Especially for a lathe with the "under" drive I would prefer a stitched flat belt, either leather or composite.  I know guys complain about the "tink, tink, ..." you can get from the metal stitching with a traditional belt but they are so much easier to install, work with, and change if necessary.  I put a composite belt from Al Bino Machining on my SB and have been very happy with it.  I've also seen recommendations for John Knox as a source for belts.

-Ron


----------



## Uglydog (Nov 21, 2014)

Great job!
Total tear down.
I only rebuilt the headstock when I got my Logan.
I used a composite belt.
I was seeking utility, and not restoration.
Your choice completely depends on your preferences and goals. 
Another SAVE!!!

Daryl
MN


----------



## Mark_f (Nov 21, 2014)

ScrapMetal said:


> Especially for a lathe with the "under" drive I would prefer a stitched flat belt, either leather or composite.  I know guys complain about the "tink, tink, ..." you can get from the metal stitching with a traditional belt but they are so much easier to install, work with, and change if necessary.  I put a composite belt from Al Bino Machining on my SB and have been very happy with it.  I've also seen recommendations for John Knox as a source for belts.
> 
> -Ron



    I hear a of comments from people about the "tink" "tink" of the leather belt with clipper splicing. I must be lucky cause mine never makes any noise.( or I just can't hear it )

Mark


----------



## dlane (Nov 21, 2014)

Thanks for the replies , I went with a green motor drive belt from napa. The one that came in it was old, fraying, jumped all over the place, green one runs alot smother/quieter but not perfect  , thinking of a easy way to release tension when not in use.  
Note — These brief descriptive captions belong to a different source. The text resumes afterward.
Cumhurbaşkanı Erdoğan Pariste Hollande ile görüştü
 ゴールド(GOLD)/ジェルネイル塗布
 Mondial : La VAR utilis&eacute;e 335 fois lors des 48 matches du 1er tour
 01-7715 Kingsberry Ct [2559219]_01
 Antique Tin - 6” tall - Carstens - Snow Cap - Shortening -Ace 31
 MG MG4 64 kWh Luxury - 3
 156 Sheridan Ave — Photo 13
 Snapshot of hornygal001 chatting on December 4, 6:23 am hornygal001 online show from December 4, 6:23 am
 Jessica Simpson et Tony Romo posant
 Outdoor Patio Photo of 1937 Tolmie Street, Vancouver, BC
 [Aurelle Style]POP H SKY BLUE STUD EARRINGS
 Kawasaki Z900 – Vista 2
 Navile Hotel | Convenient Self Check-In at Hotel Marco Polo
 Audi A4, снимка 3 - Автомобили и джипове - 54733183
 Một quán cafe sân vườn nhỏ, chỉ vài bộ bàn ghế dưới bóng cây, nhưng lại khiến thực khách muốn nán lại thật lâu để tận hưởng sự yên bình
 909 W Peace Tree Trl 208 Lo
Any one have any luck with a link type head stock belt  - pros , cons  
composite super glued, rubber glued , leather stitched,?"=======" can u glue leather "Goop maybe"?.  rope, pantyhose?. lol
   Thanks again 
     Derrick


----------



## Thoro (Nov 22, 2014)

Here is what I learned while rebuilding my heavy 10:

When I received my lathe, it had a shop made flat pulley on the motor, as well as the flat pulley on the countershaft.  This was common for guys to change the motor pulley over to flat as it doesn't seem to make much sense to run a v belt on a flat pulley.  However, this was normal and standard issue on these lathes.  The motor drives the v pulley and the amount of contact area on the large countershaft pulley has no effect on the grip you get with or without a v pulley.  In fact, a flat pulley will provide less grip and you will get slippage.

So, I put a v pulley back on the motor and it runs great.  It is also more forgiving on motor alignment.  If you don't align the motor perfectly a flat pulley will want to walk off the pulleys one way or another.

Hope this helps.


----------



## fixit (Nov 22, 2014)

For flat belts I highly recommend "John Knox" at http://www.leatherdrivebelts.com/ He provided me with a belt for a LOGAN I rebuilt for a friend. He's a GREAT GUY & loves to talk about belts. The price was right also.

fixit


----------



## woodtickgreg (Nov 22, 2014)

I just stitched an automotive serpentine belt and it works great.


----------



## dlane (Dec 2, 2014)

Have an extra serp belt for my truck , flat on one side ribbed on the other. think i'll try splicing & gluing w/ flexible superglue kinda like what was on it. Time will tell, Its long enough for two.
thanks


----------